Bulgaria has achieved the largest annual growth in real estate investment in 2017 among 60 countries included in the Global Investment Atlas 2018 report by Cushman & Wakefield. Investment transactions in Bulgaria increased by 153% compared to 2016 and reached 856 million dollars, according to the company's data.
Among other countries, Vietnam (94%), Indonesia (87%), Argentina (86%), Malaysia (79%), Brazil (76%) and Turkey (75%) are among the most prominent in investment real estate deals.
The largest decline was recorded in Colombia (-98%), Latvia (-75%) and Greece (-67%).

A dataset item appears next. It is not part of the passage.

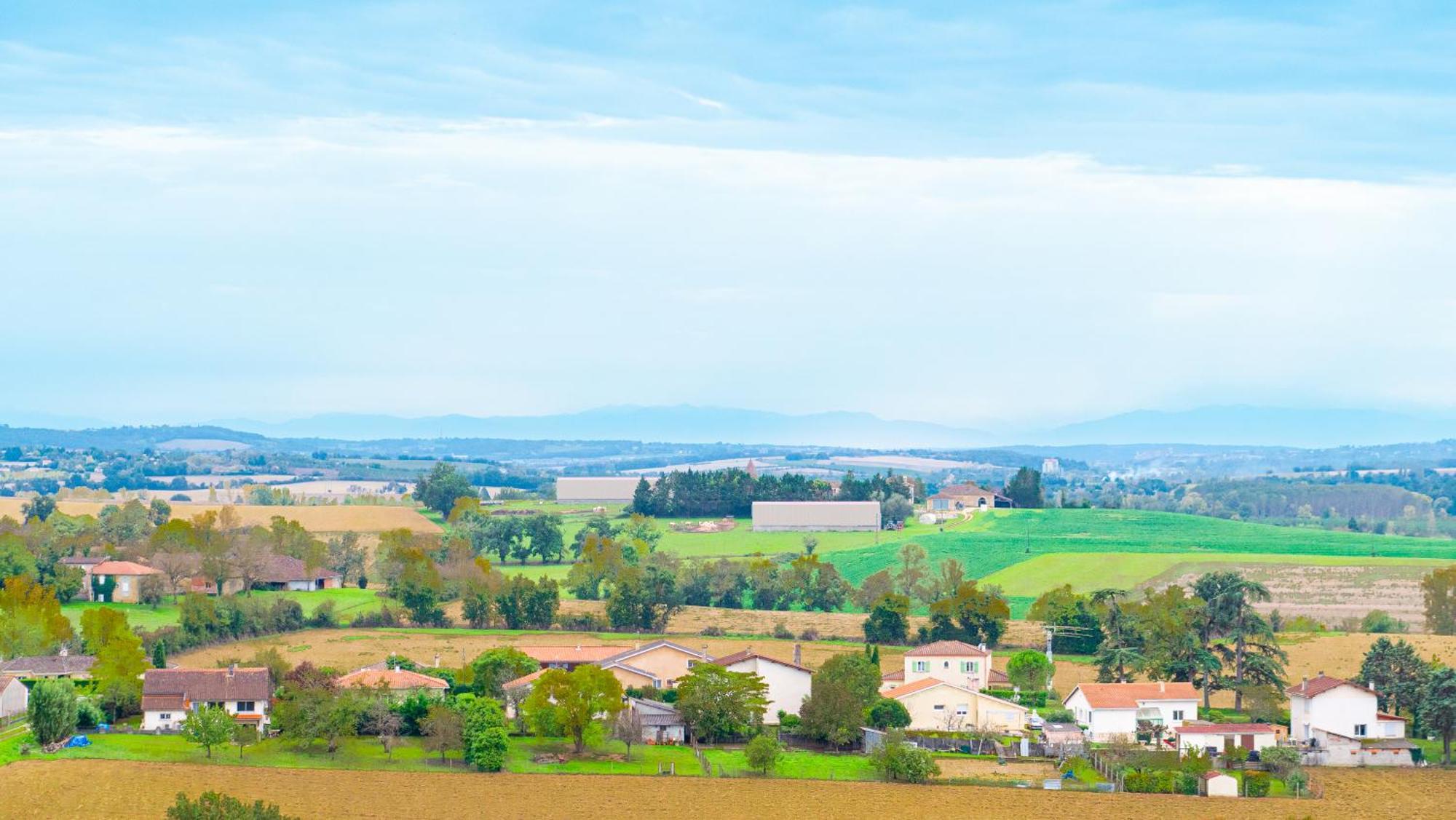 Bed and Breakfast Propriete Le Monneton Sainte-Christie Exteriér fotografie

At the same time, Bulgaria ranks 32nd among 40 countries in the largest volume of cross-border capital in 2017, lagging behind the Czech Republic and Romania, but ahead Croatia, Slovakia and Russia. The top three places occupy the United States, Britain and Germany.
We remind you that last year was marked by several big business deals and the entry of South African funds into the market in Bulgaria. NEPI Rockastle bought Serdika Center on Sitnyakovo Blvd for just over 200m euros. At the end of last year, the fund acquired the Paradise Center Mall on Cherni Vrah Blvd, after a record deal for the Bulgarian real estate market for nearly EUR 253 million. Another South African fund, Hyprop Investments, acquired The Mall for 176 million euros, and another fund, MAS Real Estate, bought the Galleria shopping centers in Stara Zagora and Burgas.

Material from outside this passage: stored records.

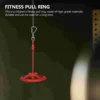 Grip Ninja Wheel Exercise Swing Ring Fitness Equipment Gymnastic Rings Child Handle Toy 5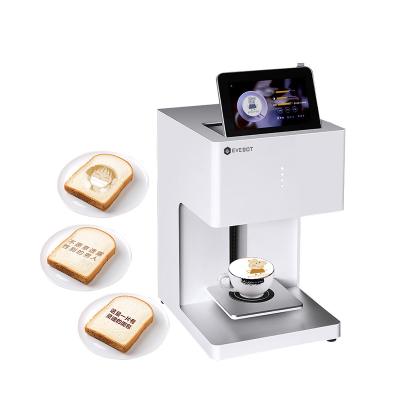 China Popular Food Grade Brand Owner EVEBOT EB-FT4 WiFi-enabled Selfie Coffee Printer with Edible Ink, Hot Selling Cappuccino/Latte/Mocha for sale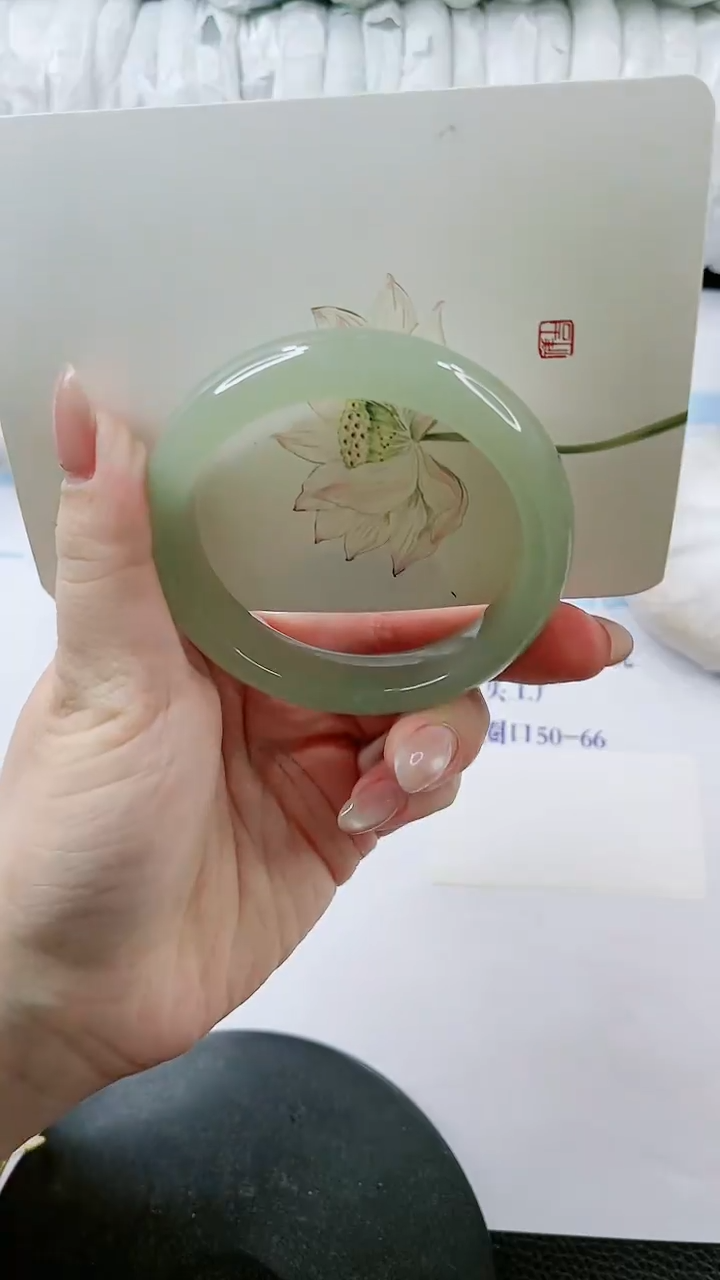 石英质玉未镶嵌手镯多样性发货V409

2017 was record for investment in real estate, exceeding the peak of 2015. Investments in US dollars rose 13.2% and prime rents rose 1.7%, according to C & W .
London remains the most sought-after destination for international capital, as concerns about Brexit have been mitigated by the decline in the value of the pound and the accessibility of the city has been a great temptation for foreign investors.
At the same time Madrid jumps 45 places to second place ahead of Amsterdam, and last year's silver medalist New York remains in sixth place.
In the top 25 of the most wanted cities, foreign real estate investors dominate European and Asian destinations, with German cities being particularly well represented. The hegemony of the top 25 cities, however, is declining as their market share falls below 50% for the first time in history. At the same time, the number of cities of the radar of foreign investors increases by 4.5%.
Investment volumes in Europe grew by 8.3% on an annual basis, with Central and Eastern European countries having a major role to play, with the number of investment real estate transactions rising by 19.2%. Last year, Asian investments in Europe, Africa and the Middle East rose by 95%, according to C & W data.
Global asset yields declined by an average of 12 basis points on average, according to the company's report. In Bulgaria, the yield of office space has dropped to 7.75%, retail space - up to 8.25%, and industrial areas - to 9%.
C & W expects this year's property investment in Central and Eastern Europe to continue to grow thanks to the improved economies of the countries in the region to reach $ 25 billion from $ 14.5 billion last year.
Yield is likely to shrink by another 45 basis points from 26 basis points last year.
At the same time, according to the company's forecast, rents will rise by 2.8% after falling 2.7% last year, which will shrink the market.